For all of these reasons, the Court concludes that plaintiffs motion to file its supplemental complaint in this case must be denied.
. December 20, 2002, was the deadline specified in the scheduling order by which the parties were required to amend their pleadings.
. This Court denied HIAA’s request for a preliminary injunction that was based on the allegations in the original complaint on May 15, 2002. An amended Memorandum Opinion that set forth the reasons for the denial was issued by the Court on May 20, 2002.
. Goddard notes that the actors in the Clark case have filed claims against HIAA based on the alleged misappropriation of their images, implied contract/quantum meriut, and disparagement resulting from HIAA’s use of a separate set of Harry & Louise advertisements on web sites and in newspapers during 2000 to 2002. Def.’s Mem. at 7. The claims in the original complaint filed in this case are related to copyright and trade dress claims concerning Goddard’s and CuresNow’s alleged use of the Harry & Louise format in advertisements that were created for CuresNow by Goddard and aired in 2002 in support of proposed cloning legislation that was being considered by the United States Congress. Id.
. HIAA alleges that Goddard "concealed eight (8) boxes of documents from HIAA until January 9[,2003].” PL’s Reply at 1.
. In its supplemental complaint, HIAA states that the Court "also has jurisdiction over the claims asserted in this Supplemental Complaint because they are solely between citizens of different states and the amount in controversy exceeds $75,000, exclusive of interests and costs.” Pl.'s Mot., Ex. A ¶1.
. It should also be noted that a single trial of the actors' claim and the claims for indemnification is beneficial to HIAA because this will ensure that defendant Goddard is bound by the determinations made in the Clark case regarding the nature of the actors' relationship with HIAA. See, e.g., 3 Moore’s Federal Practice, § 14.03[1], at 14— 12 (Matthew Bender 3d ed. 2002) ("Because the alleged indemnitor ... is not bound by the judgment in the first case (because it was not a party) the defendant might be unsuccessful, and thereby incur a liability it should have been able to pass on to another.... Effecting joinder of the indem-nitor ... in a single case thus promotes judicial economy and fosters a consistent outcome that allows the defendant to avoid these potential harms.”).

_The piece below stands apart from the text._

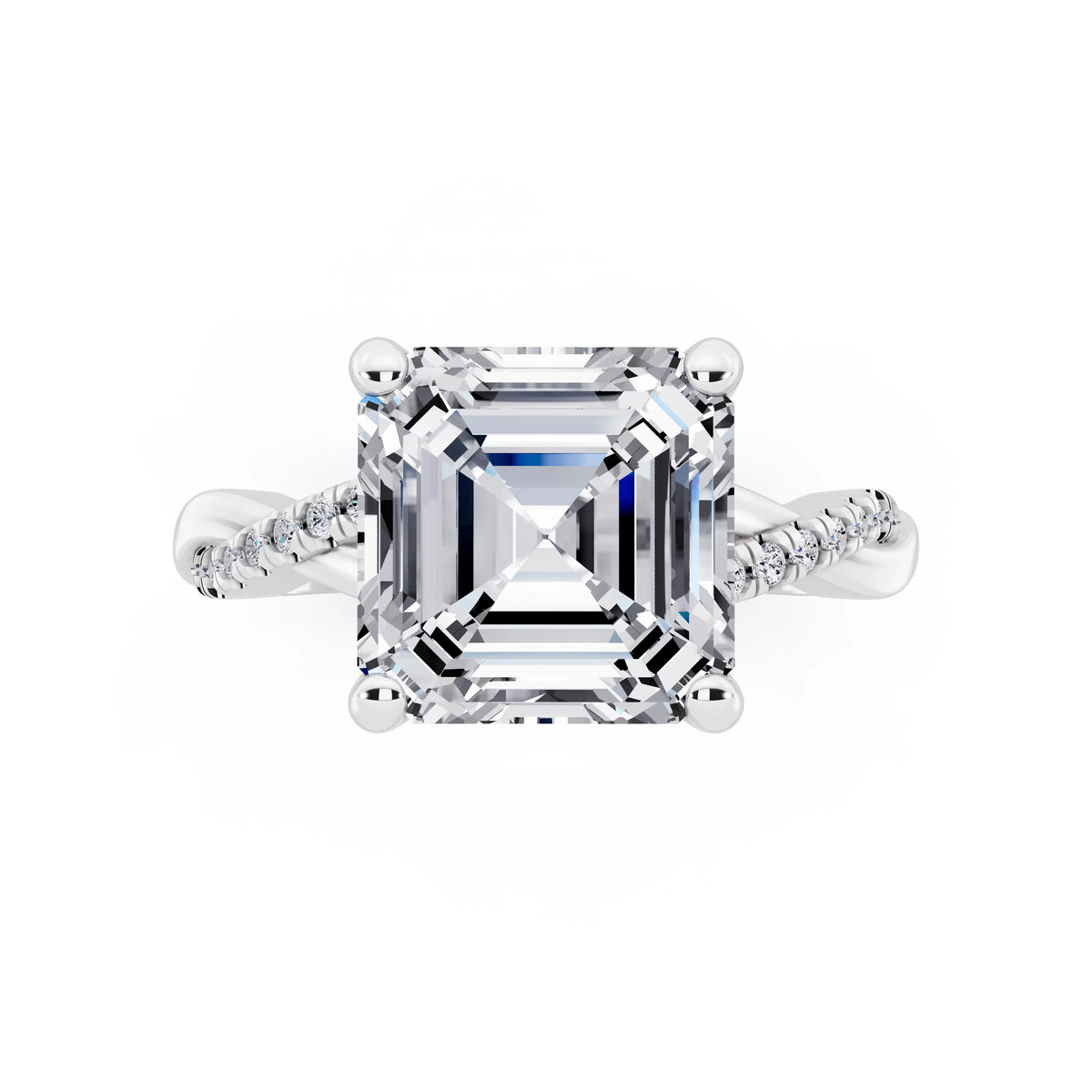 18 KT White Gold Asscher Cut Diamond Hidden Halo Ring with Twisted Pave Band - top angle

. HIAA argues that "[i]t seems that [Goddard] wishes to have two bites of the apple by forcing HIAA to litigate its relationship with the actors in this case but bring any claims arising out of that relationship in the Clark case.” Pl.’s Reply at 4. However, if HIAA indeed has this concern, it seems to the Court that it would seek to implead Goddard into the Clark case or would have sought to consolidate the Clark case with this case. HIAA has failed to take either action.